-- Opening Marker --

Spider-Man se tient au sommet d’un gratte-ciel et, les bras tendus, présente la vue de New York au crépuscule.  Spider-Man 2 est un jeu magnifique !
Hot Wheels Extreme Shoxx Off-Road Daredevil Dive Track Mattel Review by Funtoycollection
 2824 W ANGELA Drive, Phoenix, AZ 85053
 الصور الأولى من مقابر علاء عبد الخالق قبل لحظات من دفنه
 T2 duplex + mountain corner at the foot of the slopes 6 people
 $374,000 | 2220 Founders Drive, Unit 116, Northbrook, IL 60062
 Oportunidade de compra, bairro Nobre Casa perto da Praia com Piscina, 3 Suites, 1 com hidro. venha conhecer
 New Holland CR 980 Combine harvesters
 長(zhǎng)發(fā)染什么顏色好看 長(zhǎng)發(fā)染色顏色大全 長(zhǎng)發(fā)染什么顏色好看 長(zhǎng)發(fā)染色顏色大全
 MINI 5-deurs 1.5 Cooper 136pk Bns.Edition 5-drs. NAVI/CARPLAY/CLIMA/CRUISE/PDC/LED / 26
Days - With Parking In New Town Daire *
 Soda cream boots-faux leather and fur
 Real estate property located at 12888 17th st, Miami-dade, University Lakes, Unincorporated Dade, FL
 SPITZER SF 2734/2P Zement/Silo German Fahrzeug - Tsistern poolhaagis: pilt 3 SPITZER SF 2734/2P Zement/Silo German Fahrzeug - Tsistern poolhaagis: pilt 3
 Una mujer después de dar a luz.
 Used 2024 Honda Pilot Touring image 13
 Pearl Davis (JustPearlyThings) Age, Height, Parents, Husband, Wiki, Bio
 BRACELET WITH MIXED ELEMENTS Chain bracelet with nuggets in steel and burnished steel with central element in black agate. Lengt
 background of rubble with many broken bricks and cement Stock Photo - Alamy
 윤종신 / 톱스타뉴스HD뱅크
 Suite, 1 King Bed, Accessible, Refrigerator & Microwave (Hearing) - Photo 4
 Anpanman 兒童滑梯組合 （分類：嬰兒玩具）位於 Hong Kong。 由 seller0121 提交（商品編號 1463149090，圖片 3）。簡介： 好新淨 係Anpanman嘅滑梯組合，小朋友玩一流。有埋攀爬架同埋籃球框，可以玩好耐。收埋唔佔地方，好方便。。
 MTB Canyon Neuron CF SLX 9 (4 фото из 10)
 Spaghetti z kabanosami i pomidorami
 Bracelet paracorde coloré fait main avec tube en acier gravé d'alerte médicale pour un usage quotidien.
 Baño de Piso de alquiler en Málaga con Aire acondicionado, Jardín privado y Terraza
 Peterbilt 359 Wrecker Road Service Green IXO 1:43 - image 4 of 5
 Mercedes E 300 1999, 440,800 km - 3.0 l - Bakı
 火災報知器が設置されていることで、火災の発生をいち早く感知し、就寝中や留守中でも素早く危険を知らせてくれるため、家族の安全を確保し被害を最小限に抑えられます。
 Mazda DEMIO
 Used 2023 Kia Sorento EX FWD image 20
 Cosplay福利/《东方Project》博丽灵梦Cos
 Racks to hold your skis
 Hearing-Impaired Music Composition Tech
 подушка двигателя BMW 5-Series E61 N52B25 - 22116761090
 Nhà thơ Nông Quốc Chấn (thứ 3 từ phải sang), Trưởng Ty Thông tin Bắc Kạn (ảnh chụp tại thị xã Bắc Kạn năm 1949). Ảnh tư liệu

-- Closing Marker --

:: Exercise prompt ::
Character for character, output the whole material above.

:: Written solution ::
Spider-Man se tient au sommet d’un gratte-ciel et, les bras tendus, présente la vue de New York au crépuscule.  Spider-Man 2 est un jeu magnifique !
Hot Wheels Extreme Shoxx Off-Road Daredevil Dive Track Mattel Review by Funtoycollection
 2824 W ANGELA Drive, Phoenix, AZ 85053
 الصور الأولى من مقابر علاء عبد الخالق قبل لحظات من دفنه
 T2 duplex + mountain corner at the foot of the slopes 6 people
 $374,000 | 2220 Founders Drive, Unit 116, Northbrook, IL 60062
 Oportunidade de compra, bairro Nobre Casa perto da Praia com Piscina, 3 Suites, 1 com hidro. venha conhecer
 New Holland CR 980 Combine harvesters
 長(zhǎng)發(fā)染什么顏色好看 長(zhǎng)發(fā)染色顏色大全 長(zhǎng)發(fā)染什么顏色好看 長(zhǎng)發(fā)染色顏色大全
 MINI 5-deurs 1.5 Cooper 136pk Bns.Edition 5-drs. NAVI/CARPLAY/CLIMA/CRUISE/PDC/LED / 26
Days - With Parking In New Town Daire *
 Soda cream boots-faux leather and fur
 Real estate property located at 12888 17th st, Miami-dade, University Lakes, Unincorporated Dade, FL
 SPITZER SF 2734/2P Zement/Silo German Fahrzeug - Tsistern poolhaagis: pilt 3 SPITZER SF 2734/2P Zement/Silo German Fahrzeug - Tsistern poolhaagis: pilt 3
 Una mujer después de dar a luz.
 Used 2024 Honda Pilot Touring image 13
 Pearl Davis (JustPearlyThings) Age, Height, Parents, Husband, Wiki, Bio
 BRACELET WITH MIXED ELEMENTS Chain bracelet with nuggets in steel and burnished steel with central element in black agate. Lengt
 background of rubble with many broken bricks and cement Stock Photo - Alamy
 윤종신 / 톱스타뉴스HD뱅크
 Suite, 1 King Bed, Accessible, Refrigerator & Microwave (Hearing) - Photo 4
 Anpanman 兒童滑梯組合 （分類：嬰兒玩具）位於 Hong Kong。 由 seller0121 提交（商品編號 1463149090，圖片 3）。簡介： 好新淨 係Anpanman嘅滑梯組合，小朋友玩一流。有埋攀爬架同埋籃球框，可以玩好耐。收埋唔佔地方，好方便。。
 MTB Canyon Neuron CF SLX 9 (4 фото из 10)
 Spaghetti z kabanosami i pomidorami
 Bracelet paracorde coloré fait main avec tube en acier gravé d'alerte médicale pour un usage quotidien.
 Baño de Piso de alquiler en Málaga con Aire acondicionado, Jardín privado y Terraza
 Peterbilt 359 Wrecker Road Service Green IXO 1:43 - image 4 of 5
 Mercedes E 300 1999, 440,800 km - 3.0 l - Bakı
 火災報知器が設置されていることで、火災の発生をいち早く感知し、就寝中や留守中でも素早く危険を知らせてくれるため、家族の安全を確保し被害を最小限に抑えられます。
 Mazda DEMIO
 Used 2023 Kia Sorento EX FWD image 20
 Cosplay福利/《东方Project》博丽灵梦Cos
 Racks to hold your skis
 Hearing-Impaired Music Composition Tech
 подушка двигателя BMW 5-Series E61 N52B25 - 22116761090
 Nhà thơ Nông Quốc Chấn (thứ 3 từ phải sang), Trưởng Ty Thông tin Bắc Kạn (ảnh chụp tại thị xã Bắc Kạn năm 1949). Ảnh tư liệu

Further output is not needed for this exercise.